====== RECORDS SHOWN

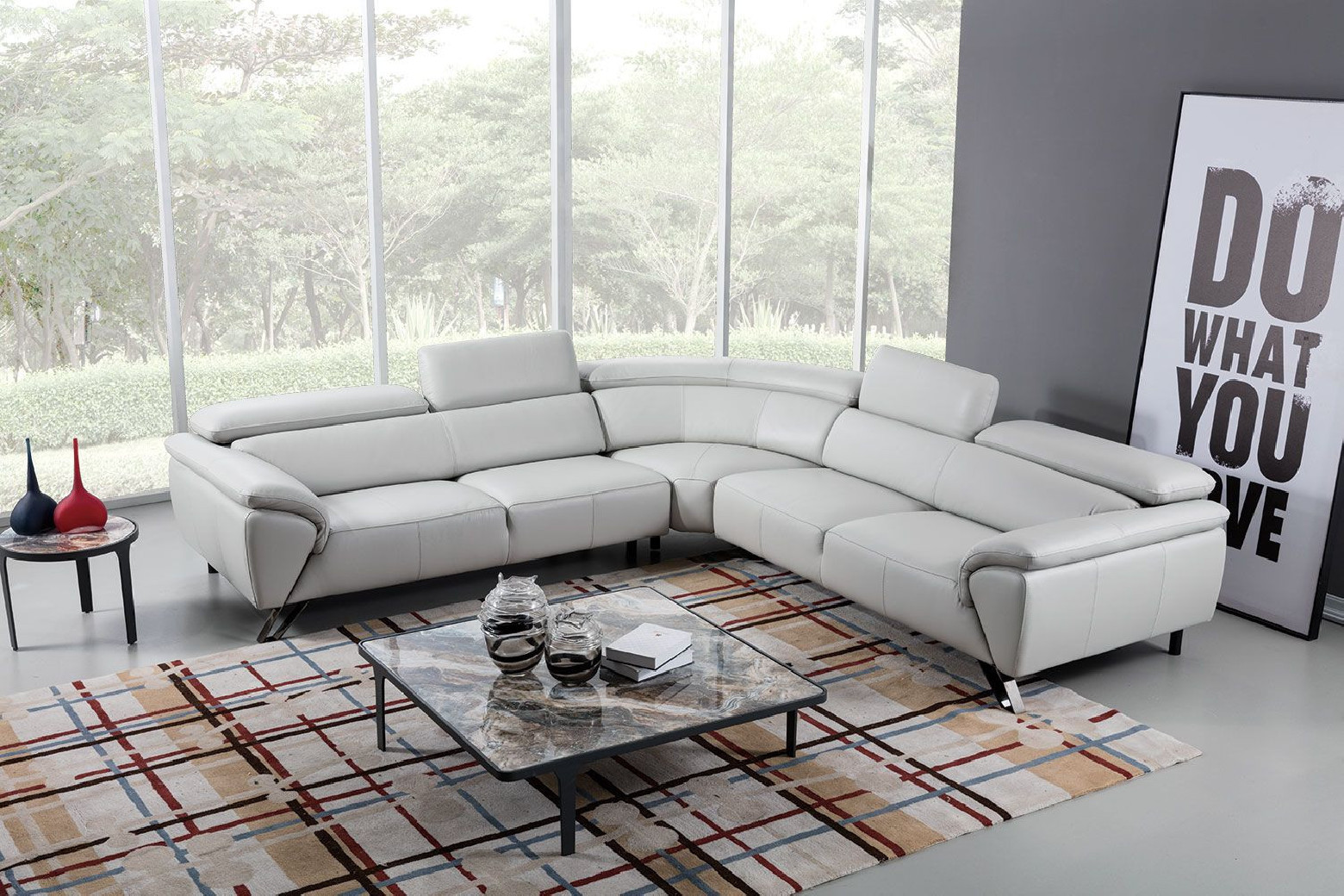 EK-L8002M Light Gray Italian Top Grain Leather Sectional Sofa Set Contemporary Style by American Eagle Furniture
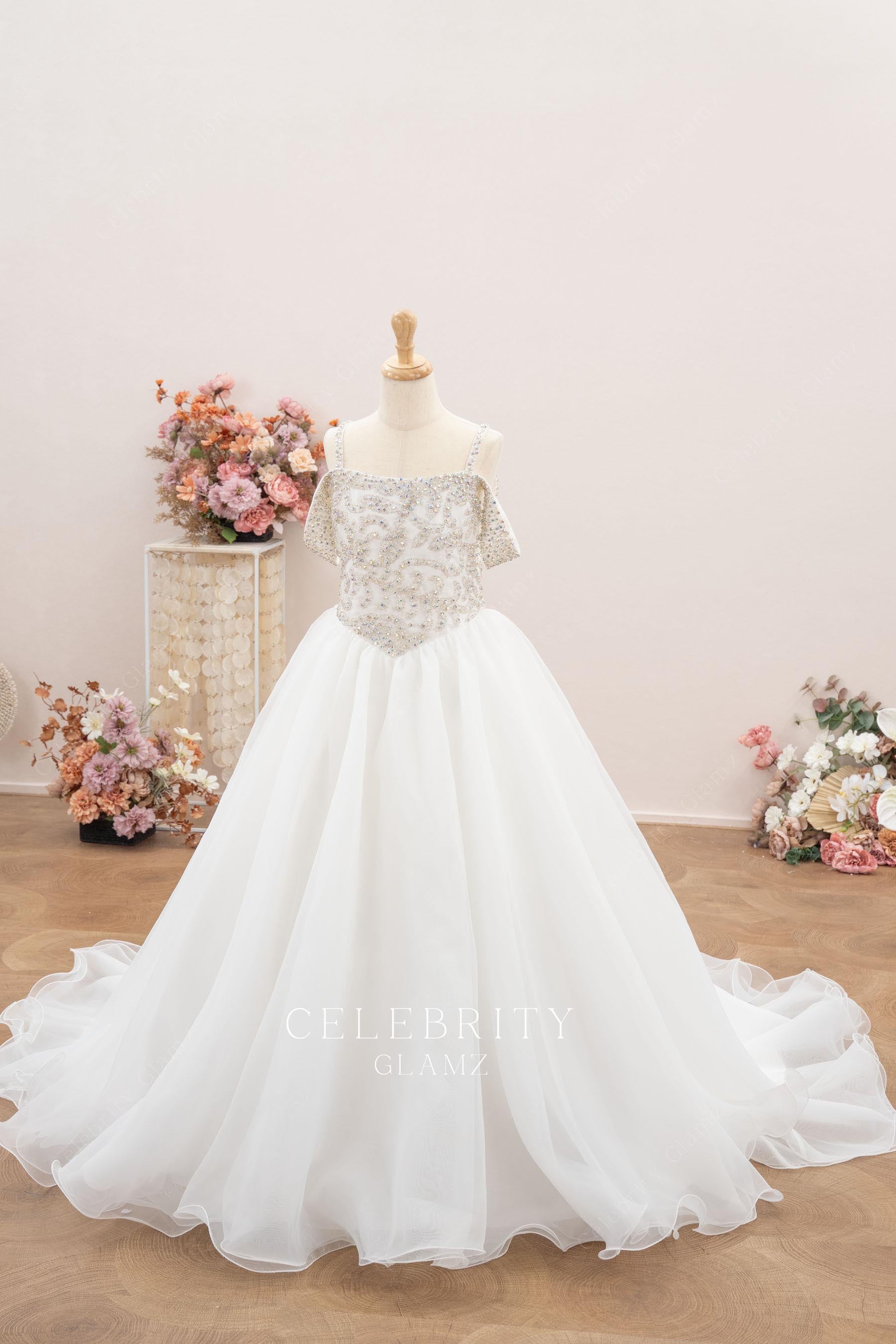 rhinestones Basque waist first communion dress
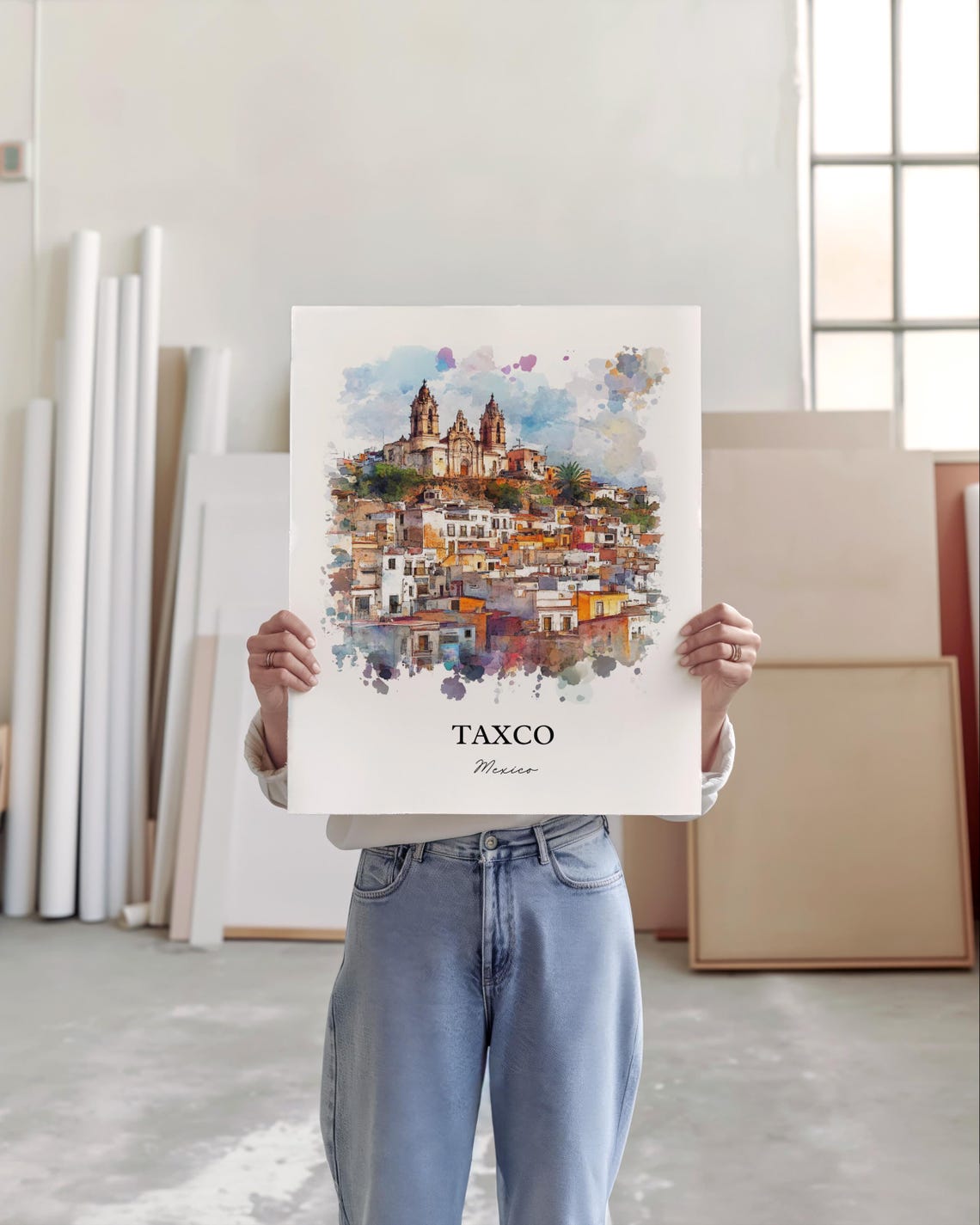 Taxco Mexico Watercolor Hillside Cathedral Colorful Rooftops Poster - Image 3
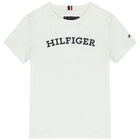 Boys White Logo T-Shirt, 3, hi-res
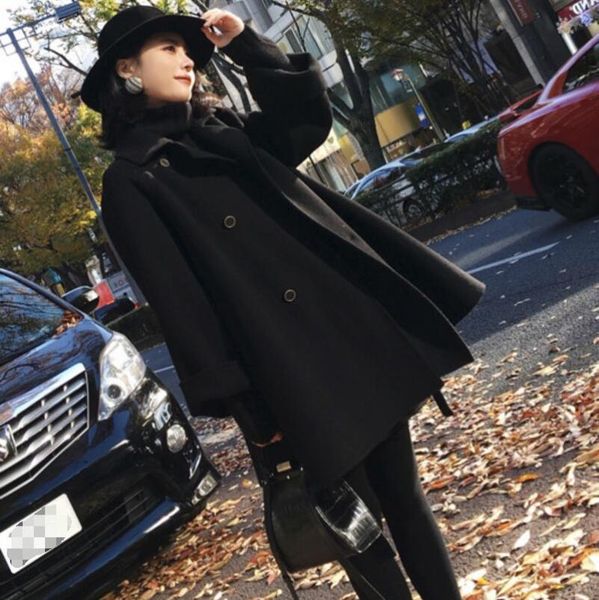 fashion women's woolen coat double-breasted long overcoat korean lapel girdle autumn winterline bandwidth cuffs high wool & blends, Black
fashion women's woolen coat double-breasted long overcoat korean lapel girdle autumn winterline bandwidth cuffs high wool & blends, Black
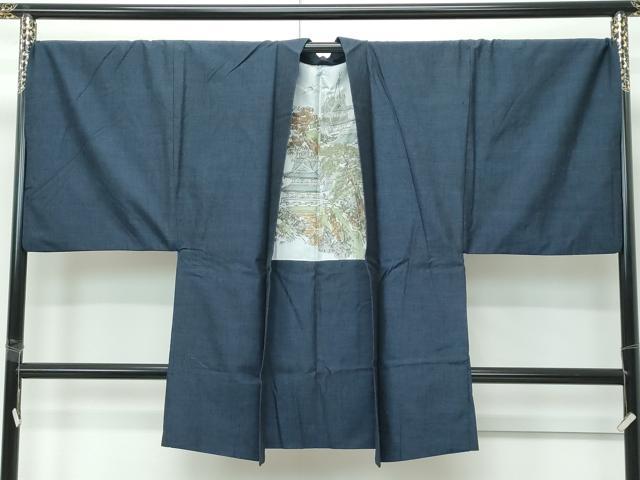 平和屋着物∞極上 男性 長羽織 紬地 霞文 逸品 CZAA5155s6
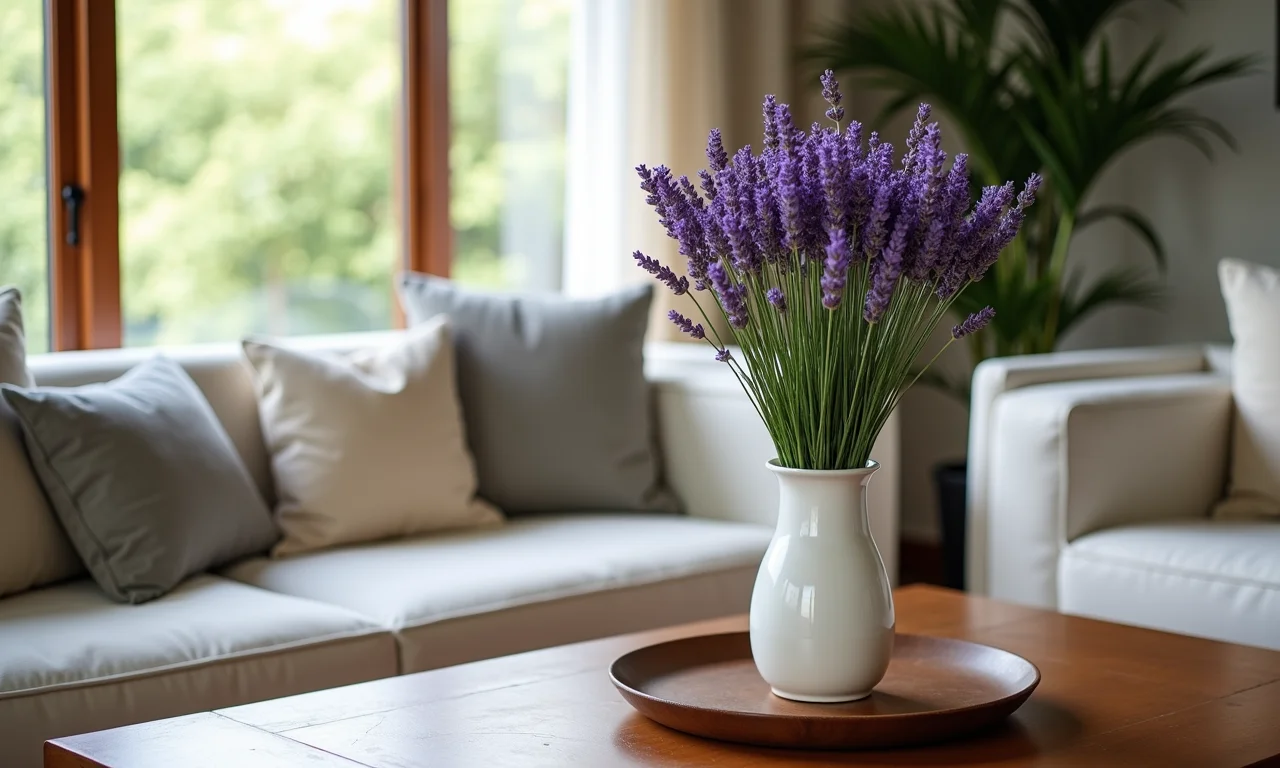 Lavanda fresca em vaso decorando sala de estar.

============

(EXERCISE)
This exercise calls for a verbatim output of the entries, pictures omitted.

(ANSWER AREA)
 EK-L8002M Light Gray Italian Top Grain Leather Sectional Sofa Set Contemporary Style by American Eagle Furniture
 rhinestones Basque waist first communion dress
 Taxco Mexico Watercolor Hillside Cathedral Colorful Rooftops Poster - Image 3
 Boys White Logo T-Shirt, 3, hi-res
 fashion women's woolen coat double-breasted long overcoat korean lapel girdle autumn winterline bandwidth cuffs high wool & blends, Black
fashion women's woolen coat double-breasted long overcoat korean lapel girdle autumn winterline bandwidth cuffs high wool & blends, Black
 平和屋着物∞極上 男性 長羽織 紬地 霞文 逸品 CZAA5155s6
 Lavanda fresca em vaso decorando sala de estar.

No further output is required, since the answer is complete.